Early research on the prevalence of synaesthesia indicated that the condition

may have a minimum prevalence rate of 1 in 2000 with a female-to-male ratio of 6:1

(Baron-Cohen, Burt, Smith-Laittan, Harrison, and Bolton, 1996; Rich, Bradshaw, and

Mattingley, 2005). These studies assessed the prevalence of the condition based upon

the number of respondents to newspaper advertisements who pass an objective

measure of synaesthesia (relative to newspaper circulation figures).
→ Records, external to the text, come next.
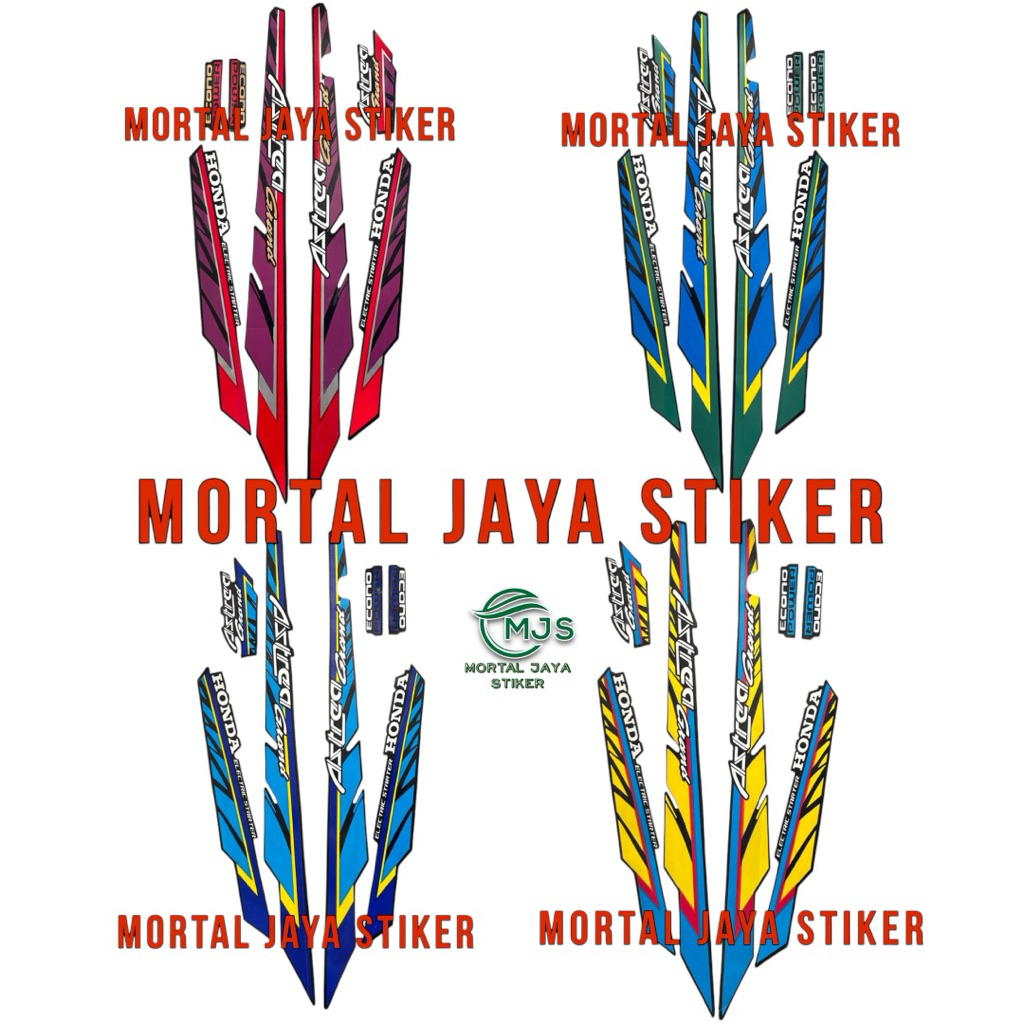 STIKER STRIPING LIS LES BODY ASTREA GRAND 1994 1995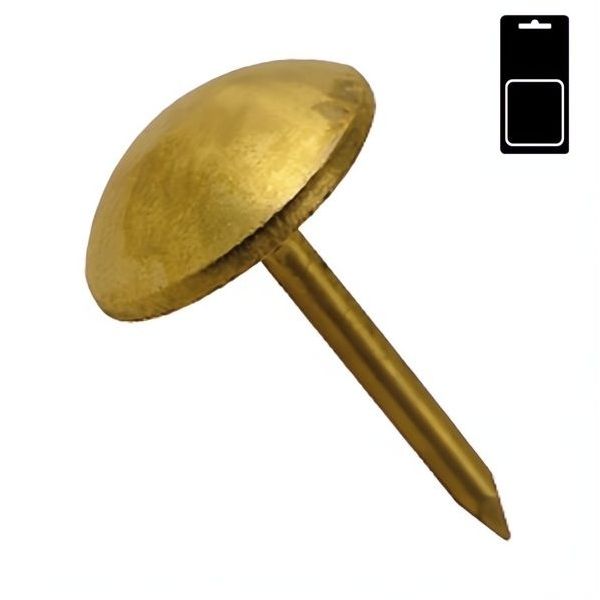 SODIFER BULLETTE IN FERRO OTTONATO TESTA BOMBATA MM 9 BLISTER PZ 50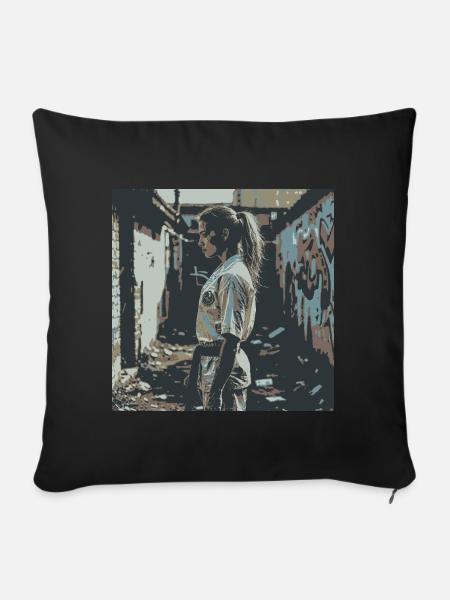 Focus - Streetfight - Sofakissen mit Füllung 45 x 45 cm - Schwarz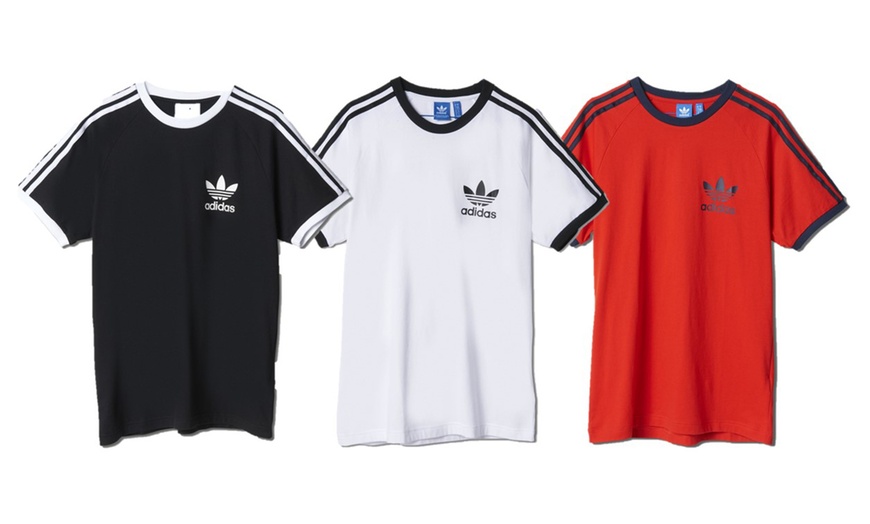 Adidas red california store sport ess tee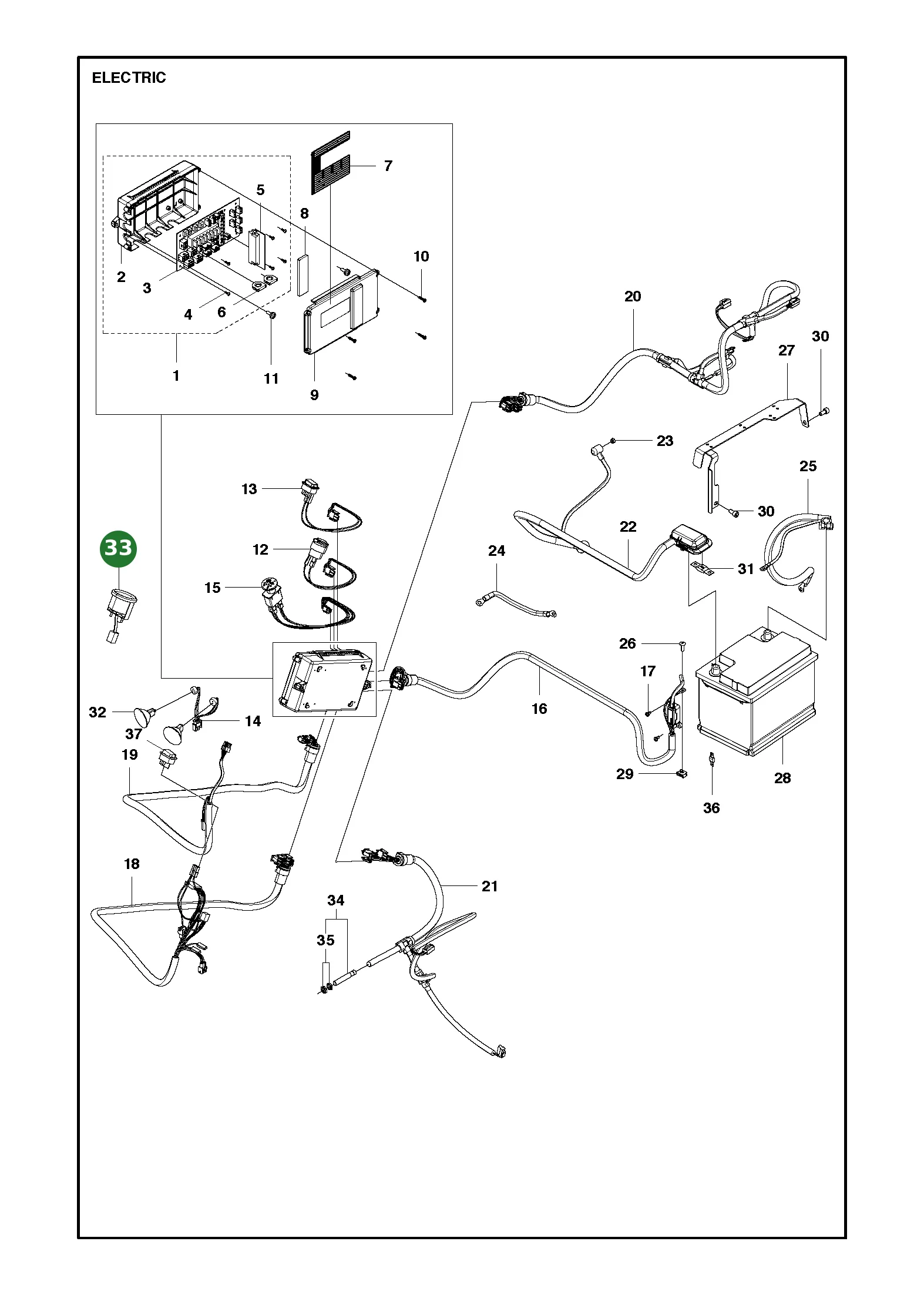 Position im Ersatzteilkatalog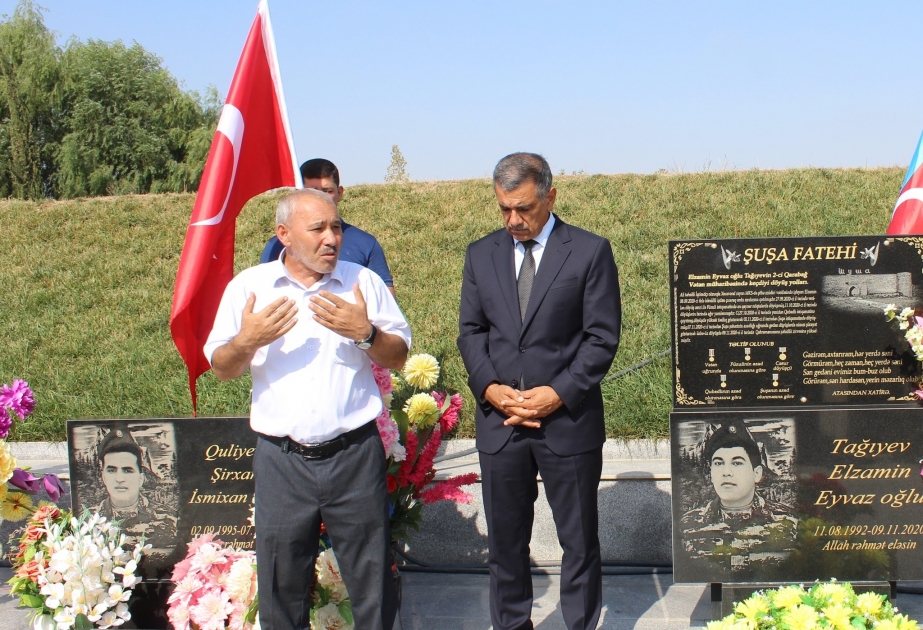 Şəhid Elzamin Tağıyevin doğum günündə xatirəsi anılıb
This method of

assessment does not permit inferences about non-responders and may also lead to an

Chapter 2

37

over inflated female to male ratio. More recent studies, which overcome these

difficulties by screening a large population and supplementing this with the use of

objective measures of different variants of synaesthesia, suggest a higher prevalence

rate of 4% and a female to male ratio of 1:1 (Simner et al., 2006; Ward and Simner,

2005). These studies indicate that the most common forms of the condition include

day-colour synaesthesia (estimated to have a prevalence of 2.8%; Simner et al., 2006)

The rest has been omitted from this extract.